While I'm not authorized to reveal the percentage of our approximately 36
million unique installs (i.e., installs on unique devices) that can be
attributed to Windows Phone devices, I can say that we're continuing to invest
in the ongoing development of our Windows Phone app.

Our soon to be released, next version of the Windows Phon app will feature a
number of enhancements related to features made available in the recent Mango
update (i.e.

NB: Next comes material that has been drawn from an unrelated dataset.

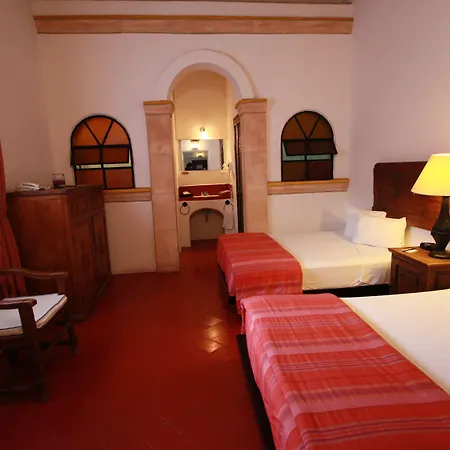 Hotel Hacienda Monteverde San Miguel de Allende-3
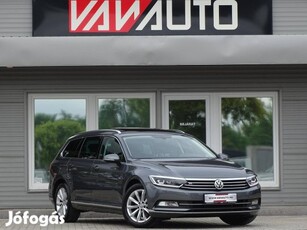 Volkswagen Passat VIII Variant 2.0 TDI BMT High...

Windows Phone 7.5).

For more information on our Windows Phone app, including screenshots and
comparisons to our apps for other platforms (e.g., iOS, Android, Blackberry,
WebOS, etc.), please refer to the following link:

<http://www.youversion.com/mobile/wp>

------
kgutteridge
It must be the only mobile platform I havent found time to write anything for
personally (this year managed to get apps in the relevant stores for iOS,
Android, WebOS, Meego and Symbian)

I do really like the look of the Lumia and will always have a soft spot for
Nokia, having to use Windows for the development OS is the large mental
barrier that has caused me not to have a dabble, as it feels, most likely
wrongly that it will take a while to get into.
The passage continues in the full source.